Hyrum K Wright wrote on Fri, Jan 20, 2012 at 06:59:45 -0600:
> On Fri, Jan 20, 2012 at 12:42 AM, Greg Stein <gstein_at_gmail.com> wrote:
> >
> > On Jan 19, 2012 11:02 PM, "Daniel Shahaf" <danielsh_at_elego.de> wrote:
> >>
> >> Hyrum K Wright wrote on Thu, Jan 19, 2012 at 21:47:51 -0600:
> >> > On Thu, Jan 19, 2012 at 8:40 PM, Daniel Shahaf <danielsh_at_elego.de>
> >> > wrote:
> >> > > I do wonder if the "to disk" threshold should be in the public
> >> > > signature, but don't have offhand a use-case justifying that.
> >> >
> >> > We could, but I figured callers who needed finer-grain control over
> >> > the size of the buffer would use the underlying private API which
> >> > gives them that ability. And as I noted in the code, the choice of
> >> > 100k was completely arbitrary, the result of a lot of squinting and
> >> > hand waving. If somebody has better guestimates (Stefan F.?) as to
> >> > what would be better, feel free to improve upon it.
> >>
> >> FWIW, my point was that the caller (of this now-public API) may be able
> >> to have a better guesstimate as they'd know the use-case, the number of
> >> concurrent spillbuf objects, the typical length (`wc -c`) of the stream,
> >> etc.
> >
> > Right. We always assume "caller knows best", and we try to document our APIs
> > to give them the needed info.
> >
> > I would recommend exposure, with two DEFAULT constants. I'd be -0 with
> > making them 0 and documenting their remapping to "suitable defaults". (ie.
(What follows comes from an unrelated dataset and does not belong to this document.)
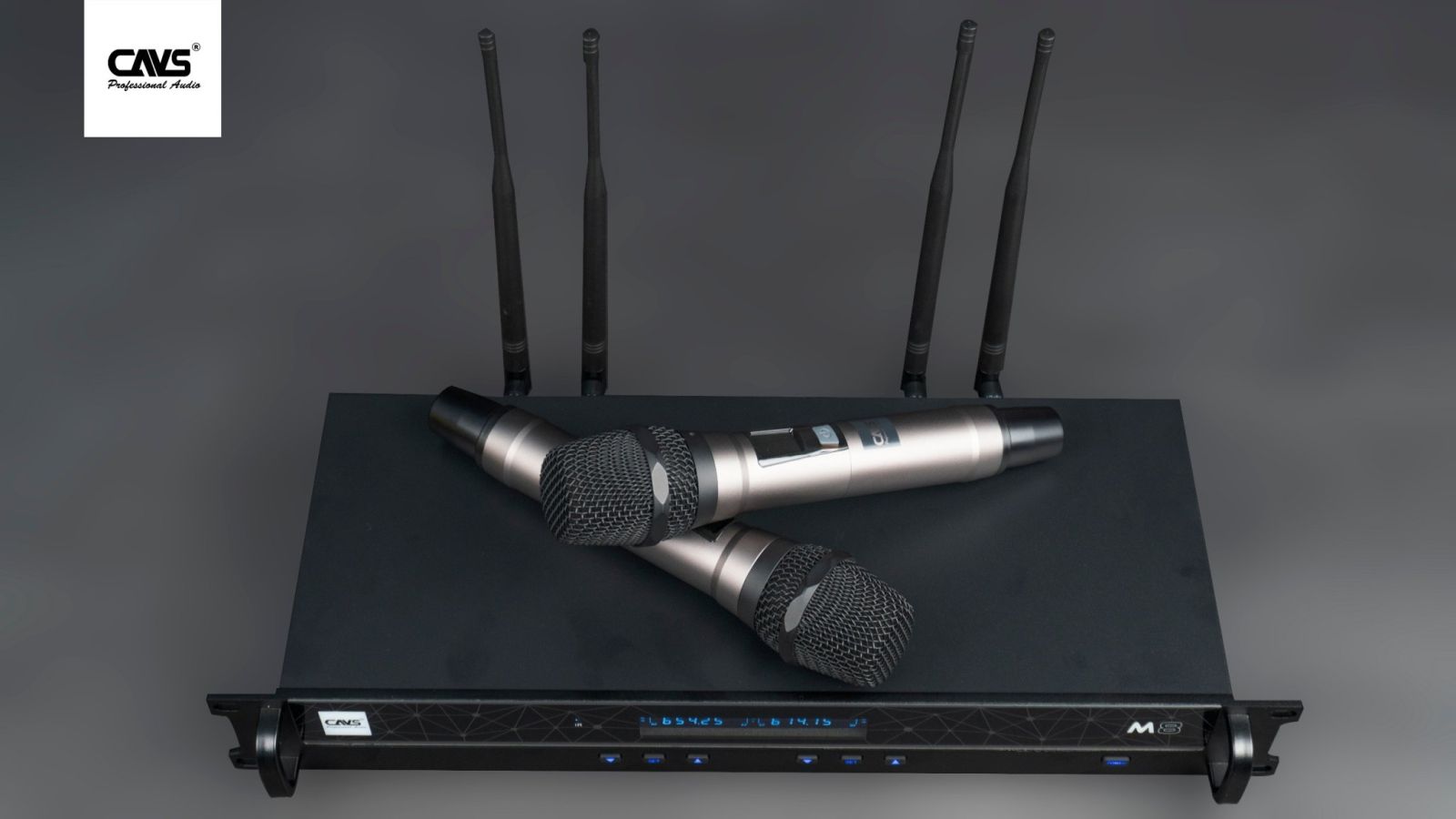 Micro Không Dây CAVS M8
> > allowing callers to use 0 instead of a 20-char symbol)
>
> But some callers don't care; those that do already have a way of
> having finer-grained control: the private API. The blocksize and
You're suggesting a private API as a replacement to a public API.
I'll agree with you, though, if you claim that it's not a problem until
a caller outside of the core libraries has demonstrated a need for this
API. :-)
> maxsize parameters to the spillbuf code are an implementation detail
> of a more generic paradigm, so exposing them through the primary API
> is inappropriate. It's the "generic buffered stream" abstraction that
> callers should be interested in, and letting us improve the
> implementation as we see fit. For callers who want or need the
> specific spillbuf semantics: use the spillbuf-specific private API.
>
> As implemented, using svn_stream_buffered() is no worse than
> unconditionally spooling data to disk (and is in many usecases *much*
> better). Callers get a free benefit now, so let's not worry about
> giving them the additional control at the expense of additional
> complexity until it's shown they need it.